# RANCH MODEL - PHOTO EXTRAVAGANZA



## Trever1t (Jul 30, 2012)

Was invited to join a group of Photographers, Make Up Artists, Hair Stylists and Models for a whole day photoshoot. With over 800 frames I'm only 1/3 the way into editing. Hope you enjoy, I'm open to hearing your critique!


MODEL:Anabelle Dang
MUA: Anabelle Dang




_POR1611 by WSG Photography, on Flickr

Model: Christine Nguyen
MUA: Chloe Huang




_POR1583 by WSG Photography, on Flickr


Model: Alyssa Tapparo
MUA: Chau Nguyen




_POR1565 by WSG Photography, on Flickr


Getting Ready
MUA: Chloe Huang
Model: Christine Nguyen




_POR1375 by WSG Photography, on Flickr

The good stuff is still to be edited....there were about 12 models, 15 MUA's and 30 photographers. Awesome day.


----------



## o hey tyler (Jul 30, 2012)

There must have been something really interesting to the left! 

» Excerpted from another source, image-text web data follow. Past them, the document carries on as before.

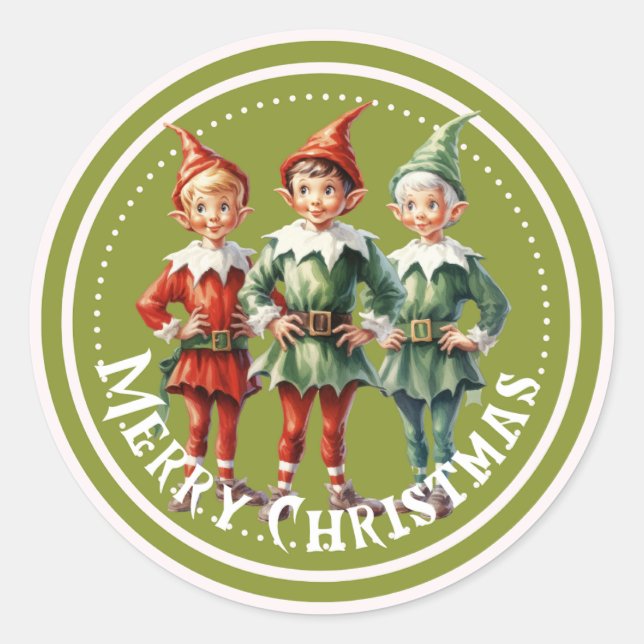 Green Christmas Elves Sticker (Front)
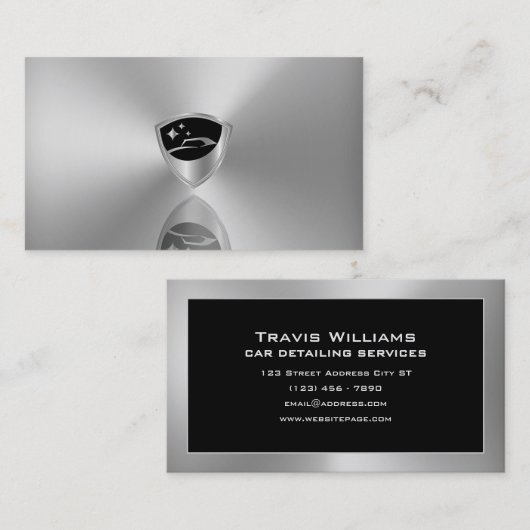 Gray silver metallic logo car detailing  名刺 (正面/裏面)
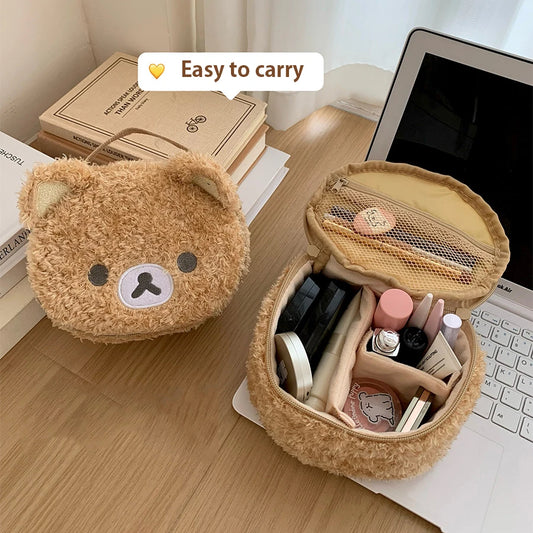 Estuche de maquillaje de peluche con diseño de oso relajado de anime, bolsa de cosméticos para mujer, bolsa de almacenamiento de joyas, organizador para chica, bolsos de mano, regalo,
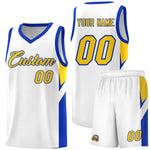 Custom White Royal Side Design Sets Sports Uniform Basketball Jersey | BuyFootballJersey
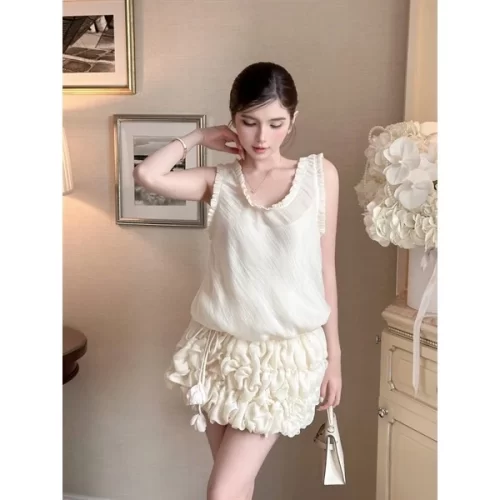 Noopy Tiered Mini Dress_CO200.30_Cocobebe Brand_ชุดเดรสสั้นแขนกุด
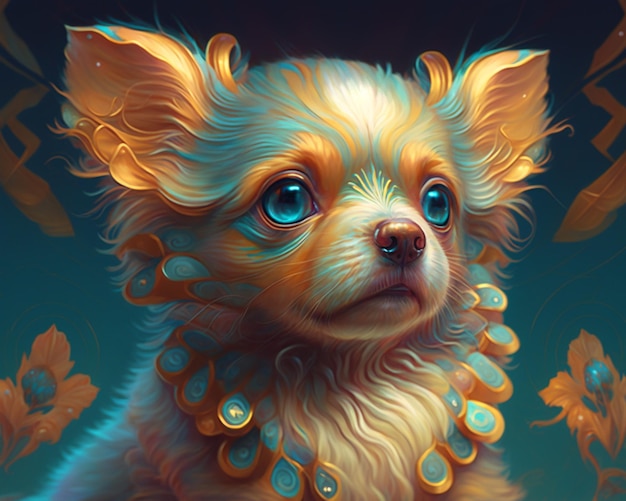 schilderij van een hond met halsband en blauwe ogen generatieve ai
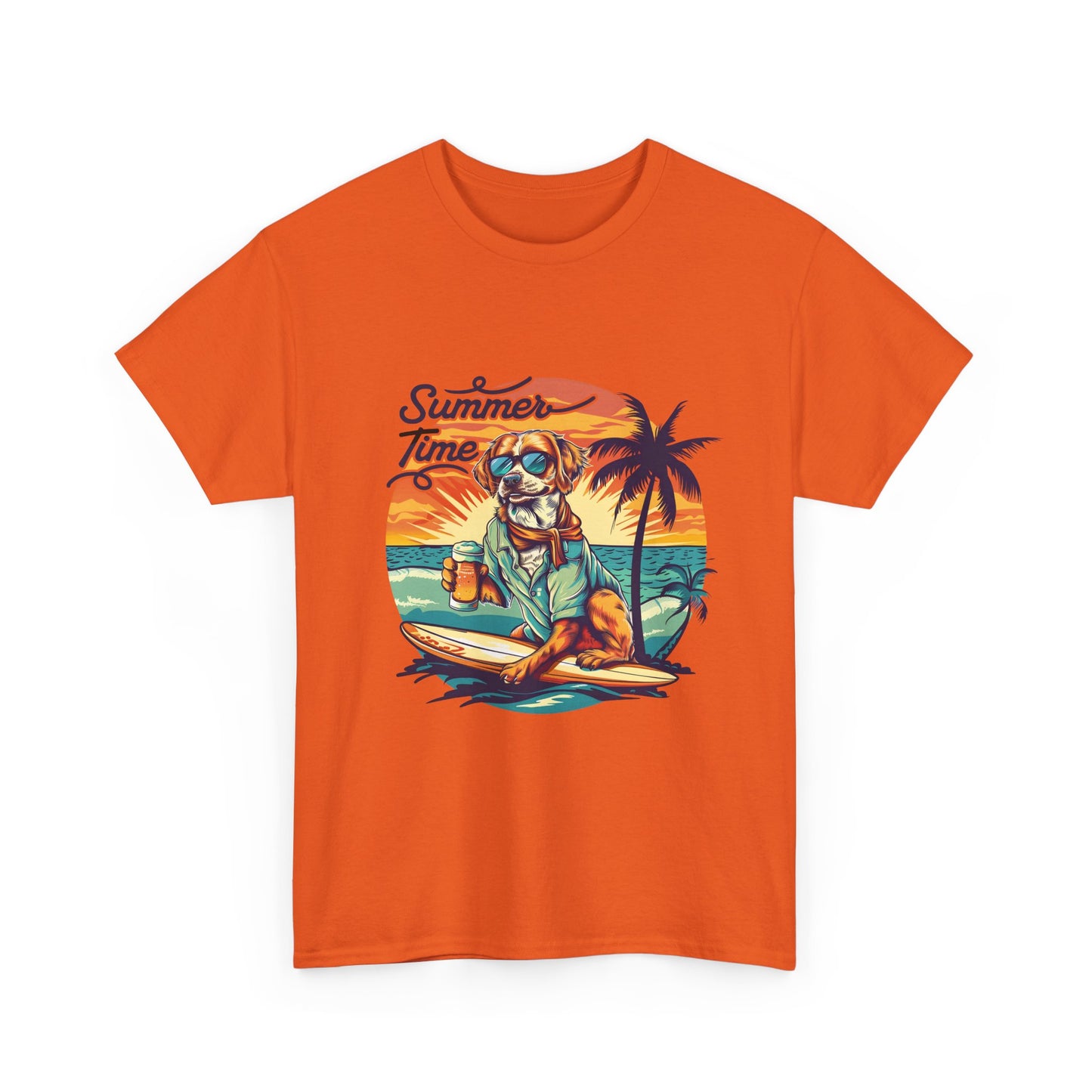 Summer Time Surfer Dog T‑Shirt — Vintage Beach Palm Surfing Dog Tee
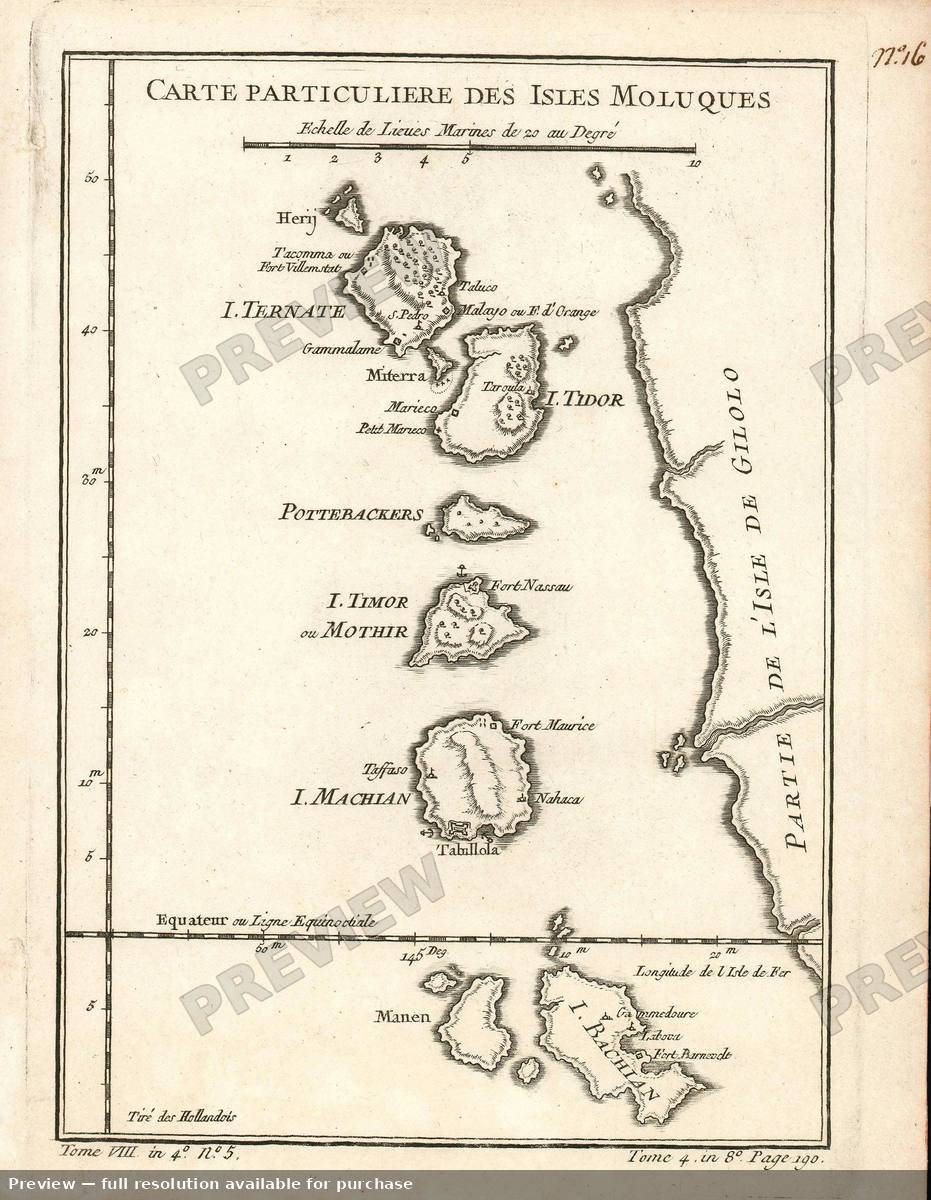 Antique map: Moluccas, 1780, 1780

Nice shots, Bill. 3rd model is quite stunning.


----------



## Trever1t (Jul 30, 2012)

Thank Tyler, I have to laugh because I find #2 the most attractive


----------



## Ernicus (Jul 30, 2012)

Number 1 I would have probly edited out that bruise, and maybe smoothed some of the skin on the left leg as it created ickyness rubbing on her other one.

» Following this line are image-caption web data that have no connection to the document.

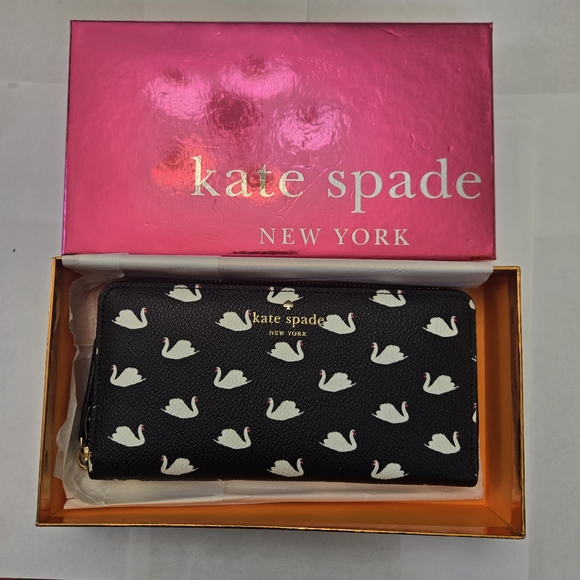 kate spade Handbags - Kate Spade Bifold Black And White Swan Design Wallet
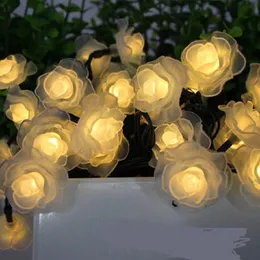 Sollampor Ljus LED Rose Outdoor Vattentät Garden Courtyard Staket Korridorfönster Julgransdekoration Belysningssträngljus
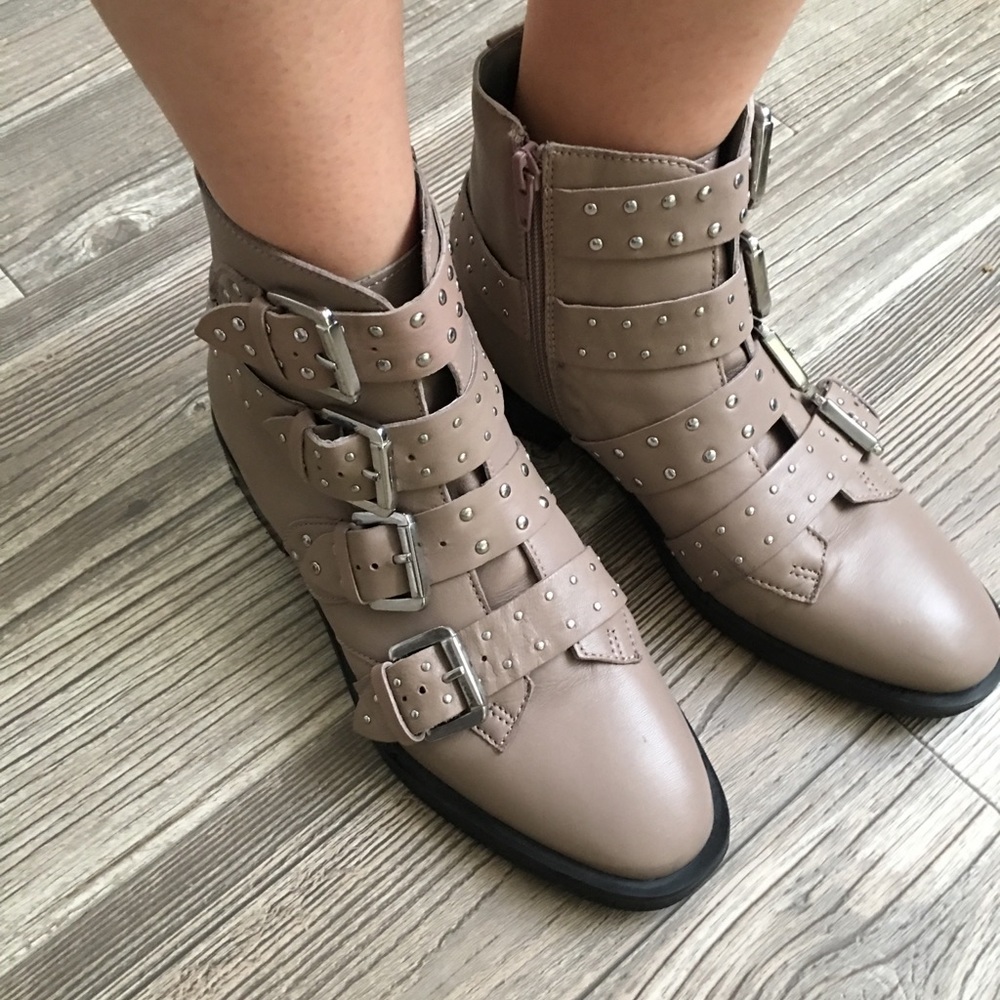 TOP SHOP studded taupe boots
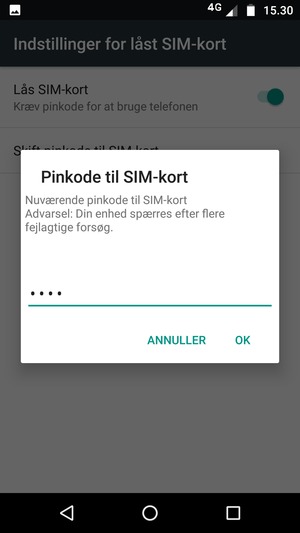 Indtast din Nuværende pinkode til SIM-kort og vælg OK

2 and 3 are awesome.  Great shots man.

4, eh...just not my thing with the super bright going on...but that's just me.


----------



## Trever1t (Jul 30, 2012)

Yeah, I just noticed the bruise when I posted here. I took over 800 frames yesterday and have been culling and editing all day, still have ~500 to go through so edits are quick and to the point, as much as possible. Had I seen the bruise I would have cleaned it up though! 

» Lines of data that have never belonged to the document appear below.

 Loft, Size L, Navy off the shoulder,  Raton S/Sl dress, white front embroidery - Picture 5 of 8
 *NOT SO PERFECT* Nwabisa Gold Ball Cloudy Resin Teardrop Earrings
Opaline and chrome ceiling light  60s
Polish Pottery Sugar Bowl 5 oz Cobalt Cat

Thank you for your comments!


----------



## JFC (Jul 30, 2012)

Hi,

Just joined this forum, and look forward to get some lesson from you guys.

i like model no. 3, she's the gorgeus one.   no.2  model is preety, the MUA is so amazing in there, like the MU.  No.1 model is also cute surely will bring some power look if the MUA try gothic style.  but pardon me, thats depend on each taste.  But all of the photo is taken very nice, i like them all


----------



## Derrel (Jul 30, 2012)

Trever1t said:


> Thank Tyler, I have to laugh because I find #2 the most attractive



Huh...number two is nice, but the first one catches my eye...


----------



## Trever1t (Jul 30, 2012)

Yeah, for sure, she definitely has mystique. Love her hair!


----------



## Robin Usagani (Jul 30, 2012)

30 photographers???


----------



## Trever1t (Jul 30, 2012)

yep! a dozen models made it less of a free for all though...


----------



## Trever1t (Jul 31, 2012)

Make Up Artist Chau N. allowed me to talk her into modeling while everyone was looking elsewhere 




Chau N. by WSG Photography, on Flickr


----------



## Jaemie (Jul 31, 2012)

#1: woof!

#2: woof woof!  



But seriously..  Nice work on these! Great light control on #4. 

Gosh, what fun.


----------



## cgipson1 (Jul 31, 2012)

Trever1t said:


> Make Up Artist Chau N. allowed me to talk her into modeling while everyone was looking elsewhere
> 
> 
> Chau N. by WSG Photography, on Flickr



Allright!!! I am obviously living in the wrong friggin state!! lol!  Lovely work... lovely models!


----------



## topazsol (Jul 31, 2012)

Love number 3!


----------



## Robin Usagani (Jul 31, 2012)

charlie, there are bunch of meet like this in Denver area.  You usually pay like $20-$60 and they have bunch of models and MUA.


----------



## Jaemie (Jul 31, 2012)

Schwettylens said:


> charlie, there are bunch of meet like this in Denver area.  You usually pay like $20-$60 and they have bunch of models and MUA.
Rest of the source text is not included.